Old Crow Medicine Show
November 1, 2023 | |
Glasgow | |
Barrowland Ballroom | |
Google Map |
Old Crow Medicine Show began in late September of 1998 when a monkey wrench gang of old-time string band musicians, most of us still in our teens, left Ithaca, New York to cross the Canadian border and play our way to the Pacific. We brought our pawnshop fiddles and banjos, guitars and washboards to downtown street corners across Ontario, to paper mill towns above Lake Superior, farmers markets in Manitoba, Indian reservations in South Dakota, and out to the streets of Vancouver and Victoria, Seattle and Portland. Along the way, we discovered a unique country sound both old and new, foreign and familiar. We knew we had captured something special.
The lineup was fluid, just hitch up the best available talent around at the time…and if you had a car that was a plus! But right from the start, it was me in the driver’s seat of that black ’82 Volvo Station Wagon with the flames painted on the side, Critter Fuqua riding shotgun, and in the rearview there was Willie Watson riding in Kevin Hayes’ Ford Econoline van (we called it the White Whale). Standing behind the big doghouse bass was founding member Benny Gould and, when he wasn’t birdwatching, wily Kevin Ahearn played the banjo. We had painter/poet Jake Hascup along for the ride and Shani Abel, a sassy Lubbock Texan who sold found objects during our street corner sets.
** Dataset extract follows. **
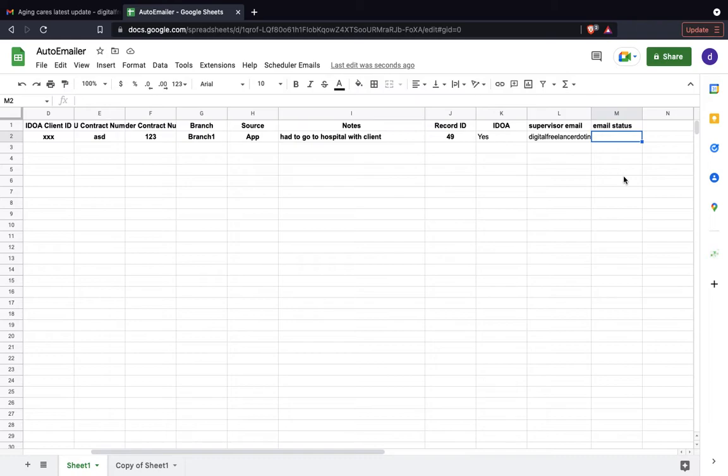The updated status will be marked as sent. So as we can see here, the status has come as sent and we're looking for ASD and 1 to 3.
In April 2022, we released the critically acclaimed Paint This Town, our first album of all original material in five years, recorded in our very own Hartland Studios and co-produced with Memphis hitmaker Matt Ross-Spang. The album and title track landed in the top five of Americana Radio’s 2022 Album and Single airplay charts. After Pentecost’s surprise “call up to the major leagues” early in 2023, Dante’ Pope joined the Old Crow team on drums. Dante’ first sat behind the kit as a special guest back in 2014 and is featured in the “Brushy Mountain Conjugal Trailer” video of that same era. A former member of the Fisk Jubilee Singers, he brings to the stage more than just a mastery of percussion. Utility player PJ George III also was enlisted. A native of Salem, Virginia, and a master on banjo, accordion, and mandolin, PJ is a veteran of the bluegrass and Americana scene and brings a rascally energy to the band not seen since Critter’s departure. Together we’ll be crisscrossing the nation, connecting with fans who remind us night after night why a life in music is the most rewarding.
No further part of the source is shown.